This report contains the following items:

 1) ASCA Archive

 2) The 3rd ASCA Guest Observer Round: OUT TODAY!

 3) ASCA test data

 4) An Update to GIS Background Files

 5) Information for Solaris v2, OSF 2.0 and VMS users

 6) ASCA Publications 

Please note that a newsletter called ASCANews is published by the ASCA GOF
with more detailed reports on the overall mission status, calibration
updates and other ASCA information. To receive the first (January 1994) issue
and future issues please send e-mail to humphrey@lheavx.gsfc.nasa.gov
including your full mailing address. 

1) ASCA Archive

By agreement between ISAS and NASA the data taken during the performance
verification phase will enter the public domain 18 months after the
observation date. These data will be delivered to the High Energy
Astrophysics Science Archive Research Center, HEASARC, in one month
batches. The first batch will cover PV data taken from April 15 to May 15,
1993 and will be available on November 15 1994. 

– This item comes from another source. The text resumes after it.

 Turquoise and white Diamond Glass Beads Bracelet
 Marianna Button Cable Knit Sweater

The Guest Observer phase of the mission began on 1993, October 18. The
archive clock had not been started on data delivered to US Guest Observers
because the calibrations and analysis software have been in a test phase.
Results from guest observer observations were presented at the Horizon
meeting in Japan last March and several papers are in preparation. This
adequately demonstrates the data analysis capability and calibrations are
now reaching maturity. Thus, for all US and US/J GO data delivered to date,
the archive 1 yr clock begins May 16, 1994. For all future data deliveries
the clock will begin 1 yr from the date of receipt for US and US/J data
(40% of the total). All Japanese GO data will be delivered to the HEASARC
18 months after the data were received by the PI. In all cases we will 
assume 2 weeks for delivery of the data. 

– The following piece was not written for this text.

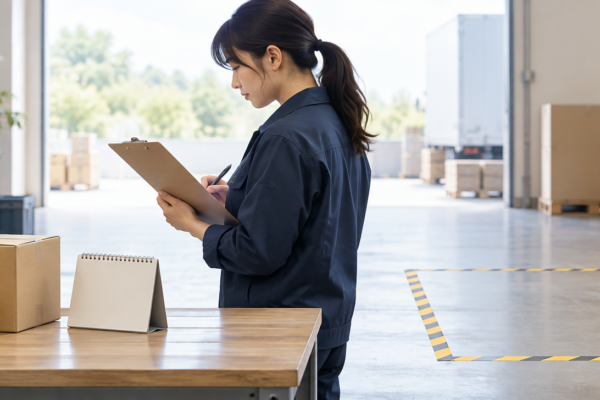 予約商品の入荷遅延を受け、検品済みの現物と未入荷分を分けて確認する担当者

Further details about how and where to access the archival data will be
announced closer to the release date. Any questions regarding the archive
should be addressed to the project scientist, Nick White (white@adhoc.gsfc.
nasa.gov) 

2) The 3rd ASCA Guest Observer Round: OUT TODAY!

The competition for AO2 observing time was very intense, and many excellent
proposals did not make it into the program. If your AO2 proposal was
rejected, do not despair, the NASA Research Announcement for the next year
is released today 1994, May 16 with proposals due 1994, August 15 at NASA
HQ. This 3rd round will cover 1 calendar year of observing time from 1994
Nov 16 to 1995 Nov 15. To receive further information about how to submit
proposals please contact the ASCA Guest Observer Facility via the e-mail
address ascanra@athena.gsfc.nasa.gov. The technical details are much the
same as for previous rounds. An update on the current status of the
instruments, in particular the problem with the increased rate of "hot and
flickering pixels" in the SIS, will be issued in the coming weeks. As for
previous ASCA NRAs both electronic and paper proposal submission is
required. The remote proposal submission software APS3 is now available in
the legacy anonymous ftp area under asca/nra_info/aps3. 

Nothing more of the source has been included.